— Work instruction —
Your task is to restate every entry below word for word and omit the images.
***** Extracted information
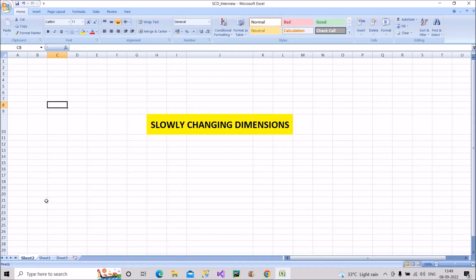Welcome back to our channel 'Learn with Gigs.' In today's video, I will discuss one very important question from data warehouse concepts. The chances of this being asked in Power BI interviews is more than 90%, so you should definitely know how to answer this concept properly.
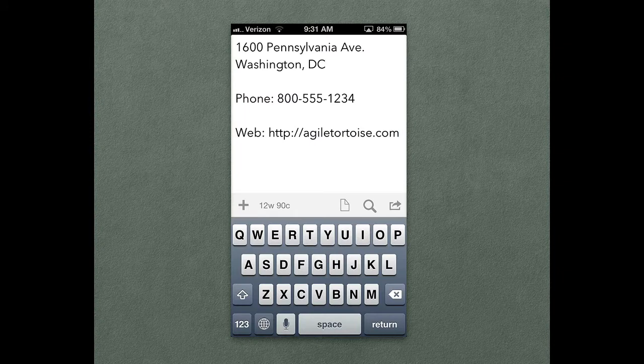Hi, this is Greg Pierce, the developer of Drafts. It's come to my attention recently that many people aren't aware of some of the more advanced options in Drafts link mode, so I wanted to draw your attention to them with a quick tutorial.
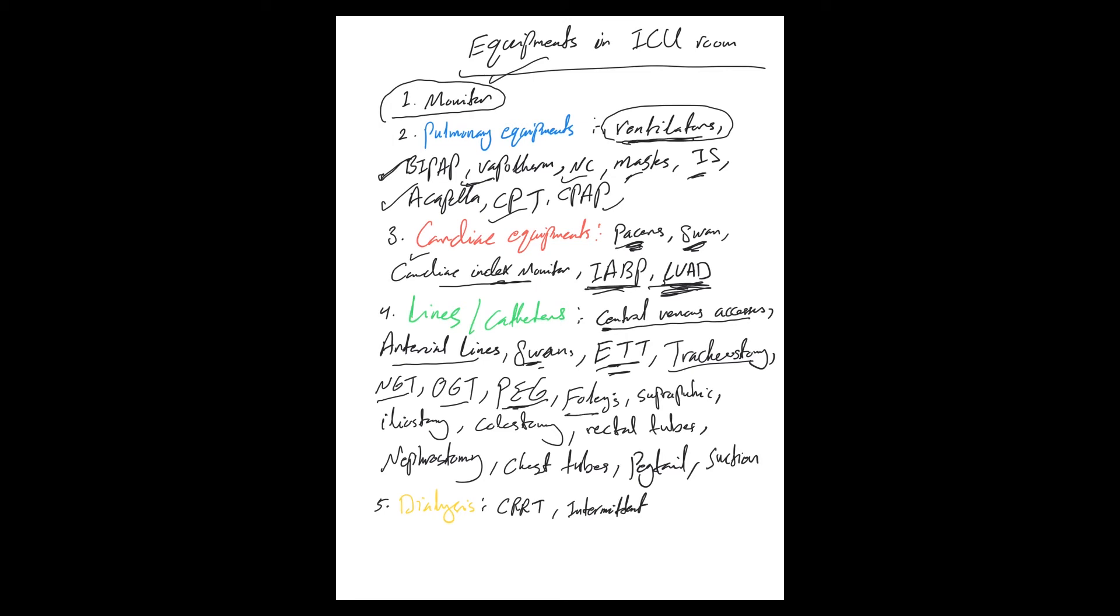Foley catheter, suprapubic catheter, ileostomies, colostomies, rectal tubes, nephrostomies, chest tubes, pigtail catheter, suction devices.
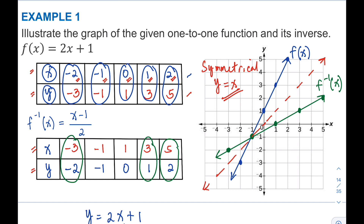So, do you understand how to represent a one-to-one function in terms of table of values and graph? This is the end of our video. I hope you understand how to get the table of values and how to graph them. If you have questions or clarifications, kindly put them in the comment section below. Thank you for watching — this is Prof D, I'll catch you on the flip side, bye!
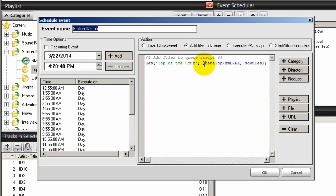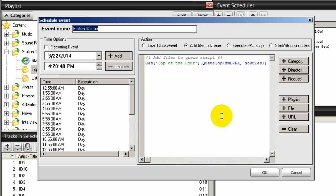We want Queue Top, so no matter what category is playing — Smooth Jazz, Quiet Storm, or whatever — at 55 minutes after the hour a station ID will play. If a song is currently playing when the clock hits 55 after, the station ID won't interrupt it. It will wait until the song finishes, then the station ID will play. Click OK, we're done.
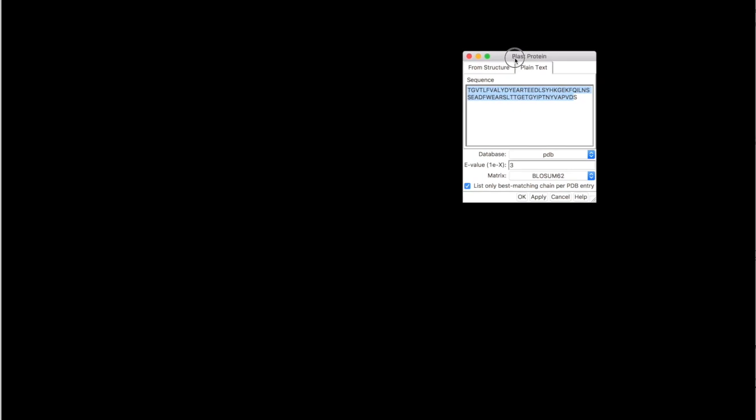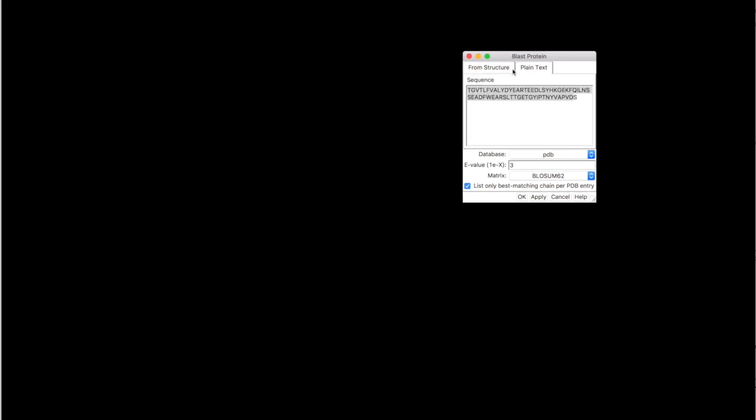Now the new dialog opens and you can select from Structure or Plain Text. Since we are going to work from scratch, we are going to use the Plain Text option.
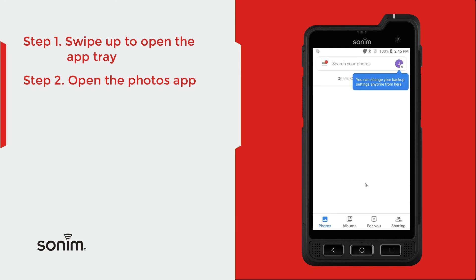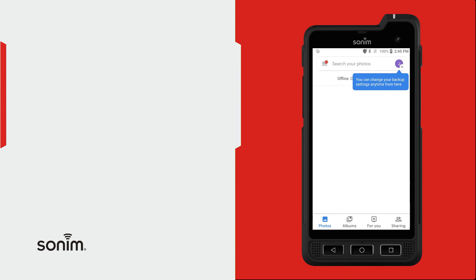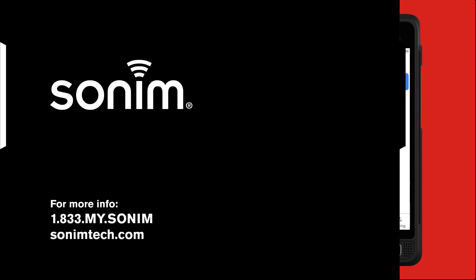Once you're in here, assuming that you have some pictures, you'll be able to find all of your photos. You can search by albums, Google will also put some pictures together and collages for you, and then you can share from here as well. Thank you for watching — for more resources, visit sonumtech.com.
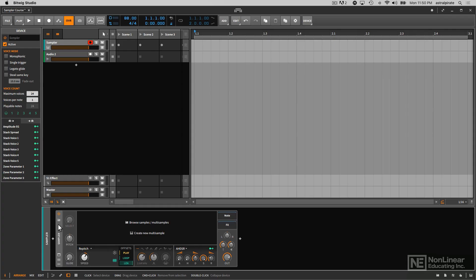All right, so I'm back with my sampler instrument. I don't currently have a sample loaded, so this is what it'll look like if you just load a blank preset.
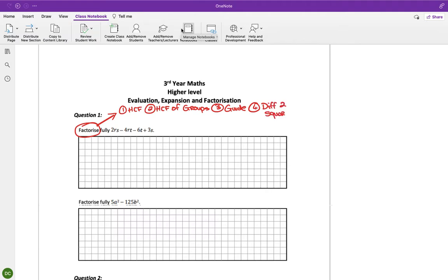This one here should be easily identifiable as a highest common factor because it's got four terms. It's a grouping highest common factor because it's got four terms.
**********
— Solved problem —
Welcome back to our channel 'Learn with Gigs.' In today's video, I will discuss one very important question from data warehouse concepts. The chances of this being asked in Power BI interviews is more than 90%, so you should definitely know how to answer this concept properly.
Hi, this is Greg Pierce, the developer of Drafts. It's come to my attention recently that many people aren't aware of some of the more advanced options in Drafts link mode, so I wanted to draw your attention to them with a quick tutorial.
Foley catheter, suprapubic catheter, ileostomies, colostomies, rectal tubes, nephrostomies, chest tubes, pigtail catheter, suction devices.
So, do you understand how to represent a one-to-one function in terms of table of values and graph? This is the end of our video. I hope you understand how to get the table of values and how to graph them. If you have questions or clarifications, kindly put them in the comment section below. Thank you for watching — this is Prof D, I'll catch you on the flip side, bye!
We want Queue Top, so no matter what category is playing — Smooth Jazz, Quiet Storm, or whatever — at 55 minutes after the hour a station ID will play. If a song is currently playing when the clock hits 55 after, the station ID won't interrupt it. It will wait until the song finishes, then the station ID will play. Click OK, we're done.
Now the new dialog opens and you can select from Structure or Plain Text. Since we are going to work from scratch, we are going to use the Plain Text option.
Once you're in here, assuming that you have some pictures, you'll be able to find all of your photos. You can search by albums, Google will also put some pictures together and collages for you, and then you can share from here as well. Thank you for watching — for more resources, visit sonumtech.com.
All right, so I'm back with my sampler instrument. I don't currently have a sample loaded, so this is what it'll look like if you just load a blank preset.
This one here should be easily identifiable as a highest common factor because it's got four terms. It's a grouping highest common factor because it's got four terms.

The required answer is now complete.